Task ::
From the line containing "Alternator Freewheel Clutch" through the last line of the entries, output the text exactly. Pictures stay out.

[[ Material to process open ]]

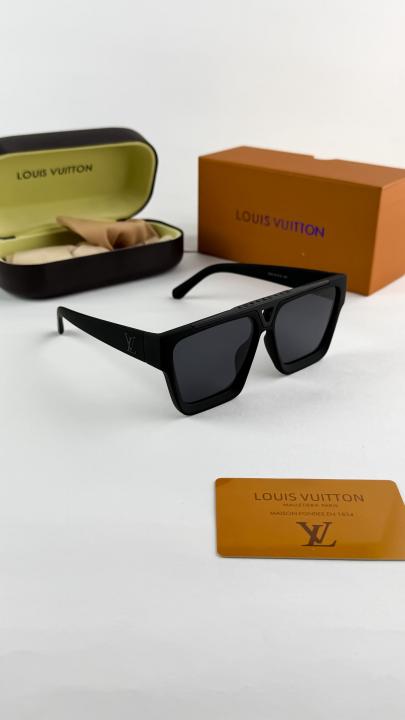 Louis_vuitton_black_1502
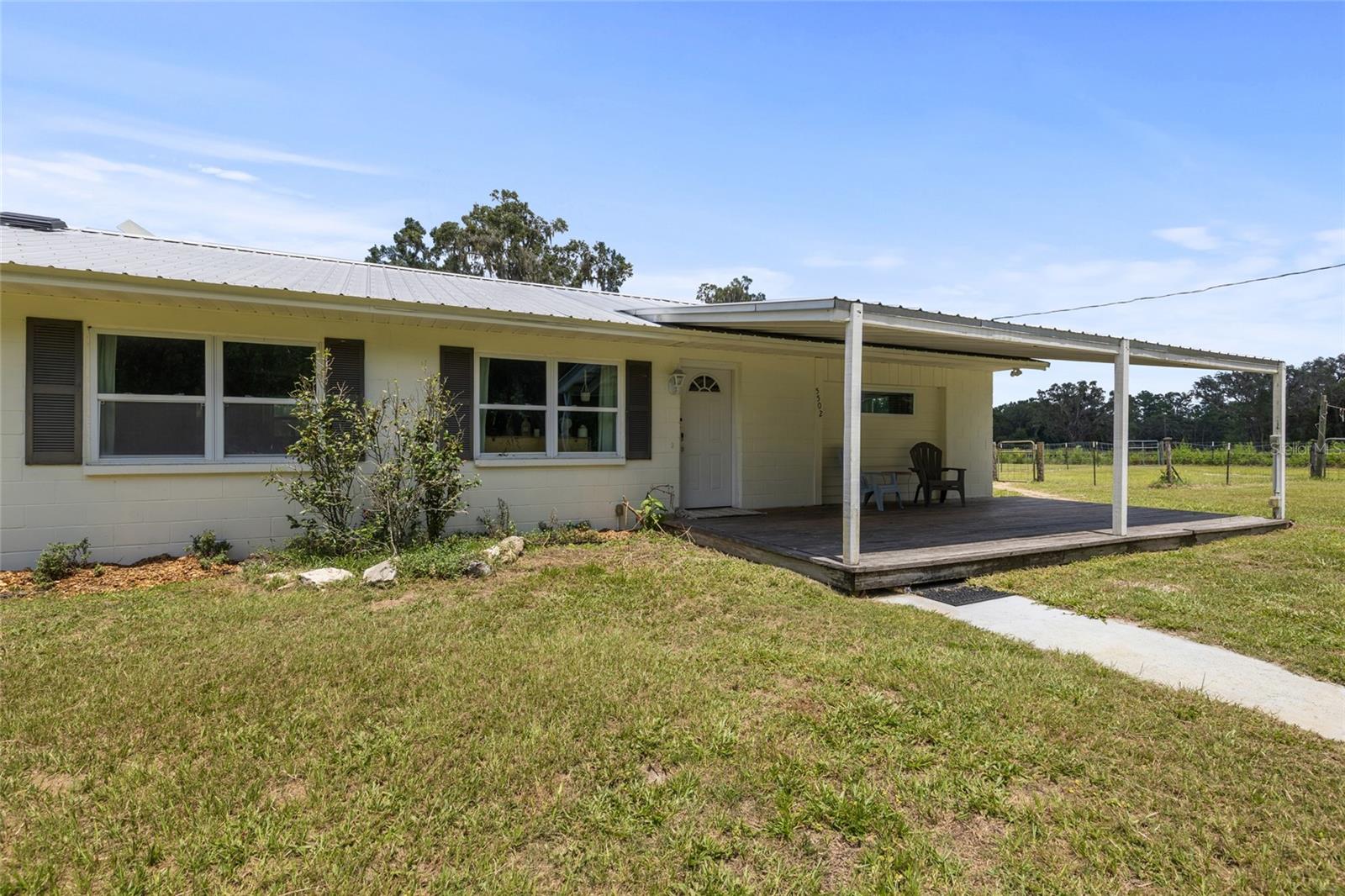 Image 31 of 46 For 5502 57th Avenue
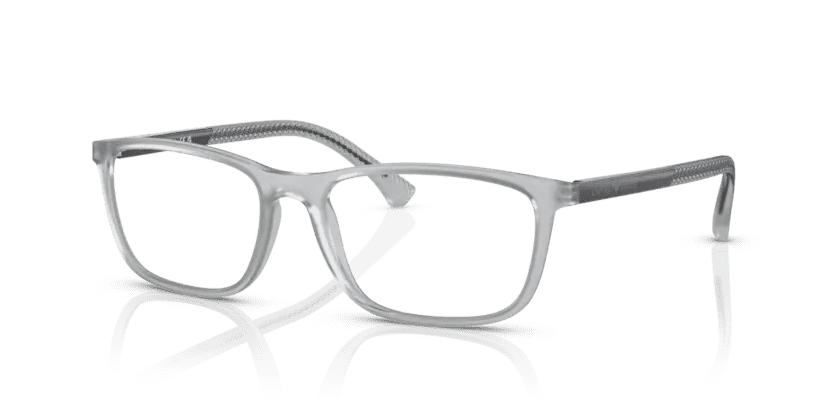  Emporio Armani 0EA3069 - Glasses -  Emporio Armani -  Ardor Eyewear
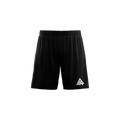 914 Performance Shorts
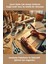 Luxury 35X50 cm Kraft Kağıt – 100'LÜ Paket | Ambalaj-Paketleme, Okul-Proje-Sanatsal Çalışmalar 1 Adet 3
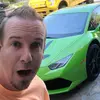 John Beyond - @johnbeyond - TikTok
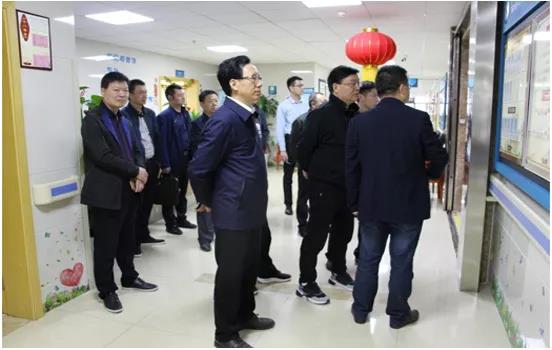 k1集团(体育股份有限公司)-十年品牌 值得信任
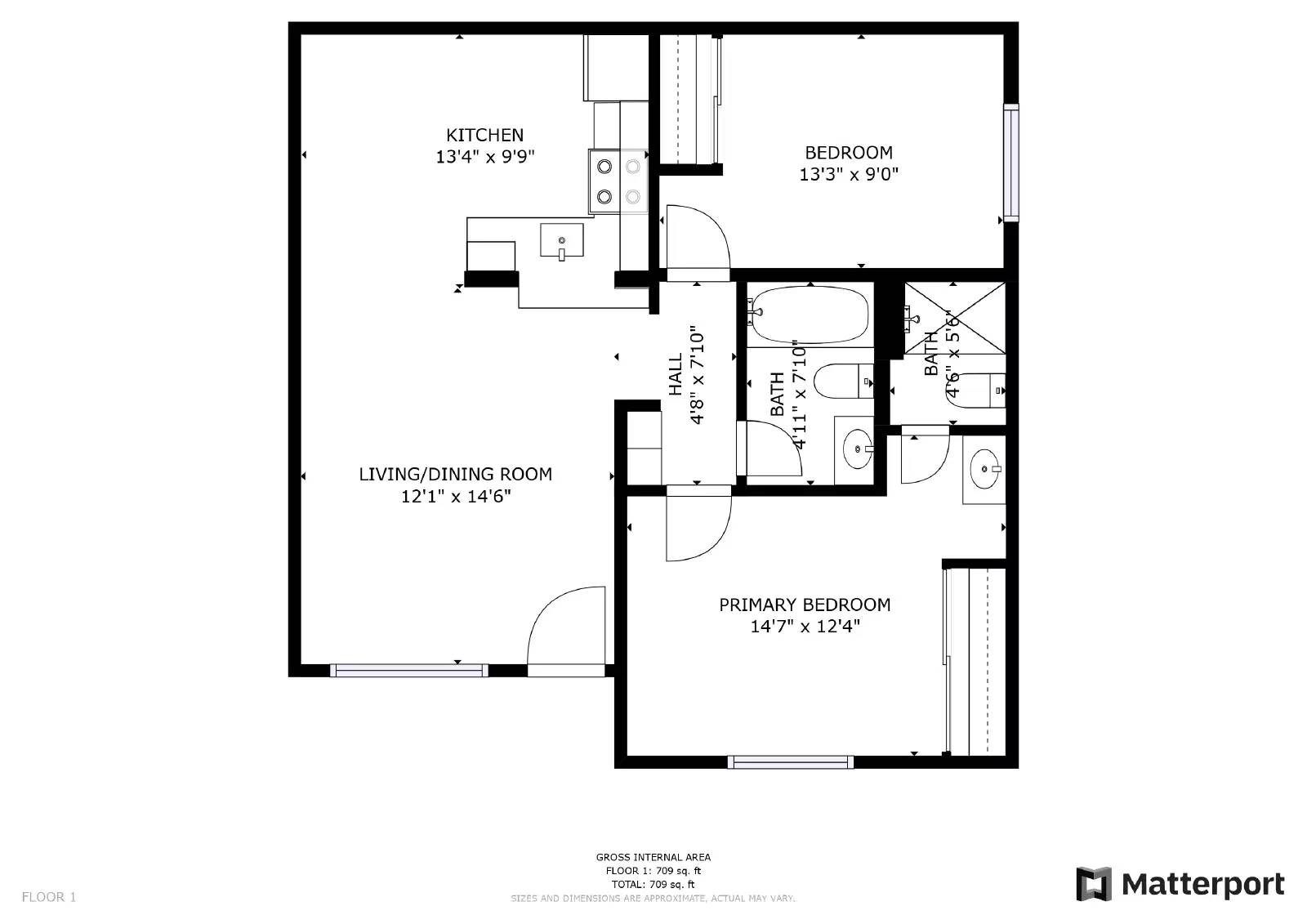 Property Image 4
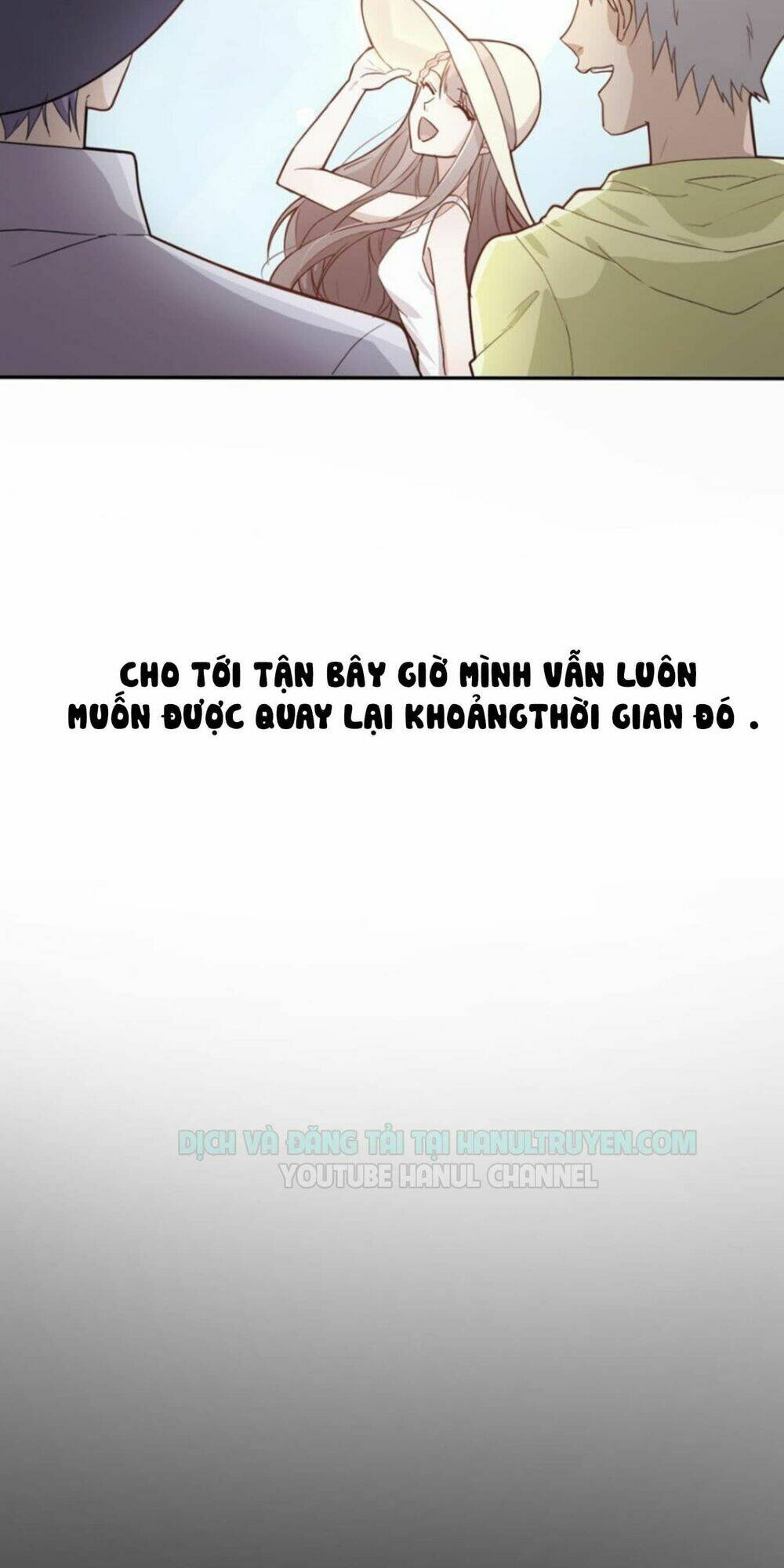 Giết Em Trước Khi Tình Yêu Tồn Tại Chương 62.1 Ảnh 12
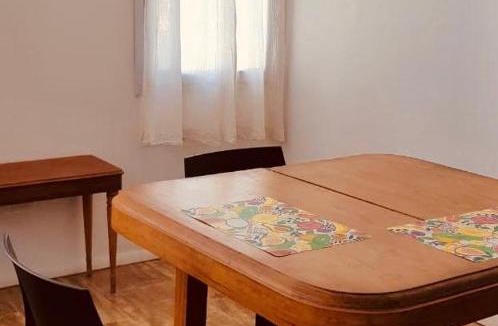 Chascomus Apartment | La Cañada Chascomús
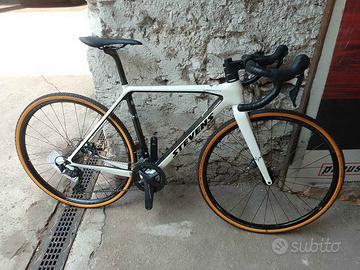 CICLOCROSS STEVENS SUPERPRESTIGE 2 x11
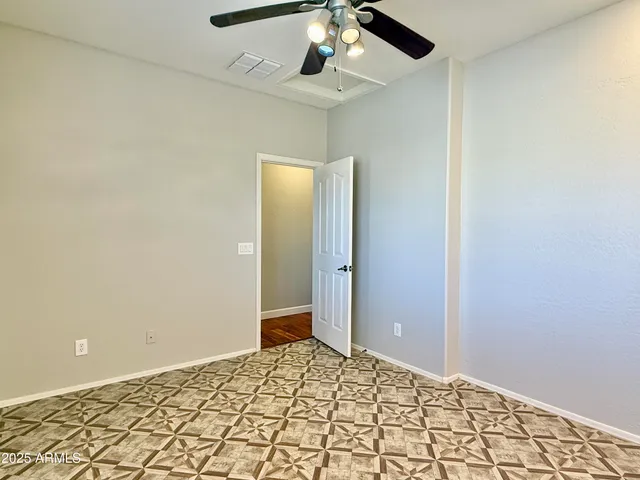 $1,995 | 16039 West Christy Drive, Surprise, AZ 85379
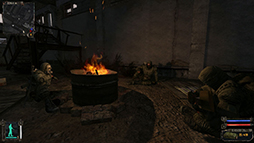 ꡼ No.002Υͥ / S.T.A.L.K.E.R.: Legends of the Zone TrilogyNintendo SwitchѥåǤ2025ǯ327ȯ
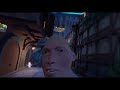 End of video
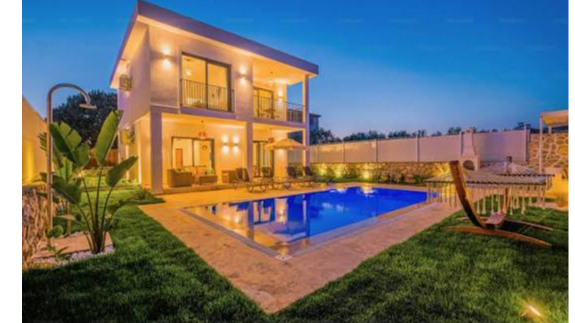 Residential Plot vs Villa vs Flat: Which Investment Gives Better Returns in 2026? Complete Guide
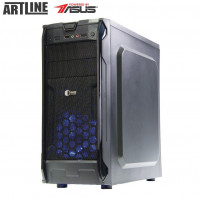 ARTLINE Gaming X47 system unit (X47v11)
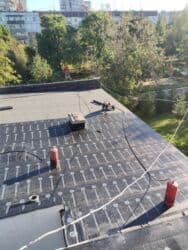 заправочный пистолет: Кровля крыши | Гидроизоляция Больше 6 лет опыта — 19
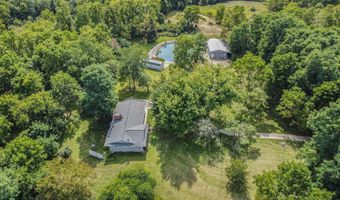 17475 W US Highway 223, Addison, MI 49220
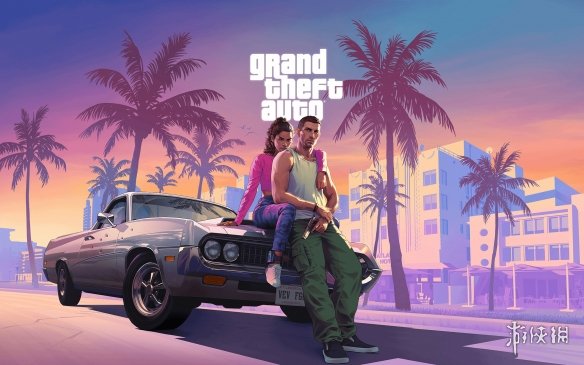 外媒讨论：众多PS4玩家是否会因为《GTA6》升级PS5？-绿好游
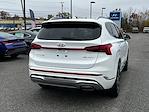 2023 Hyundai Santa Fe AWD SUV for sale #262197A - photo 12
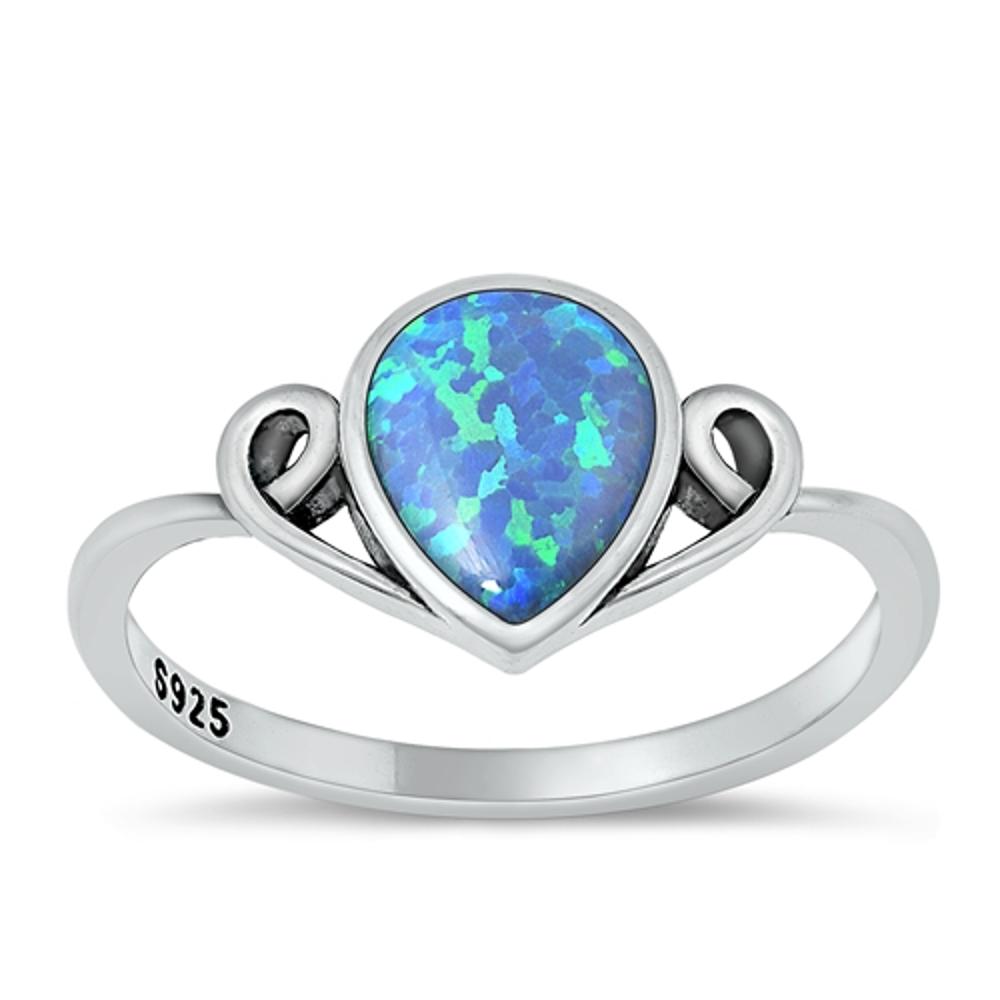 Sterling-Silver-Ring-RS131484-BO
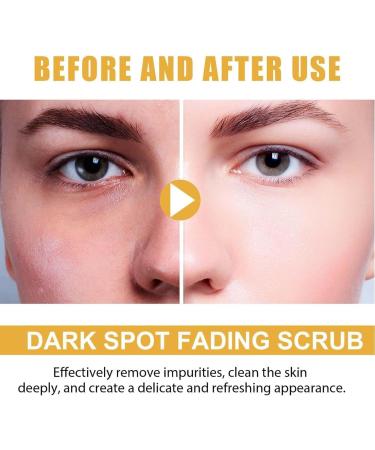 Turmeric Combo Skincare Set Turmeric Glow Combo Cleanser Scrub and Moisturizing Butter to help improve tone and cleanse Naturally Moisturizing(1 Set) - Buy Online on GoSupps.com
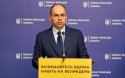 Не все области Украины отчитались по коронавирусу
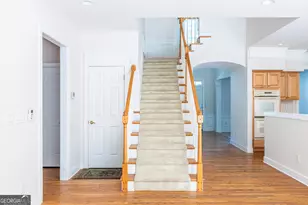 10 Hemingbrough Way, Alpharetta, GA 30022 - Photo 6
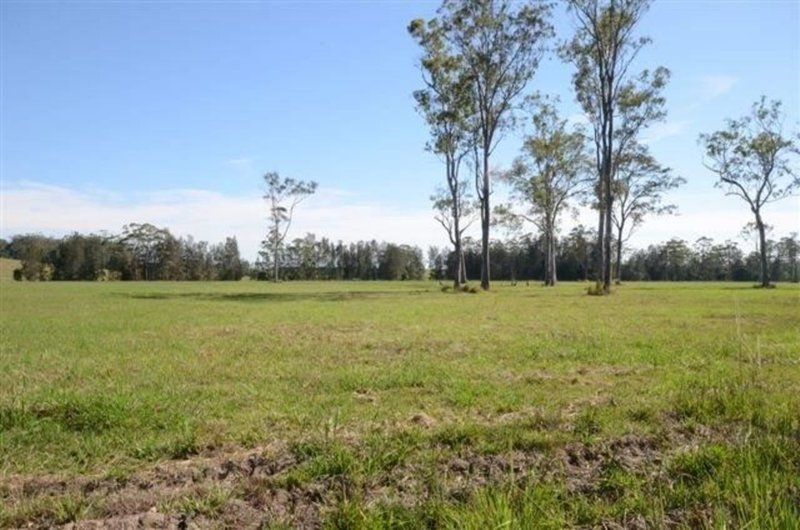 Photo - Lot 2 Ryans Road, Lake Innes NSW 2446 - Image 4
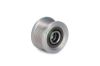 Alternator Freewheel Clutch LAND CRUISER (KDJ12_, GRJ12_)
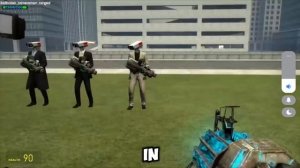 строю владуса в Майнкрафт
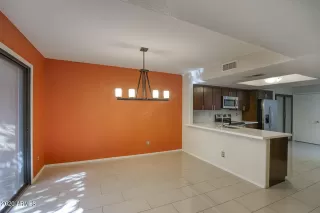 Photo #3: 6169910 Listing 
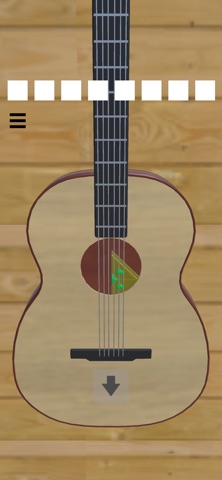 逃脱游戏 山间小屋 screenshot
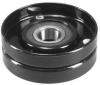 MAGNETI MARELLI 331316170177 Tensioner Pulley, v-ribbed belt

[[ Material to process closed ]]

Result below ::
 Alternator Freewheel Clutch LAND CRUISER (KDJ12_, GRJ12_)
 строю владуса в Майнкрафт
 Photo #3: 6169910 Listing 
 逃脱游戏 山间小屋 screenshot
 MAGNETI MARELLI 331316170177 Tensioner Pulley, v-ribbed belt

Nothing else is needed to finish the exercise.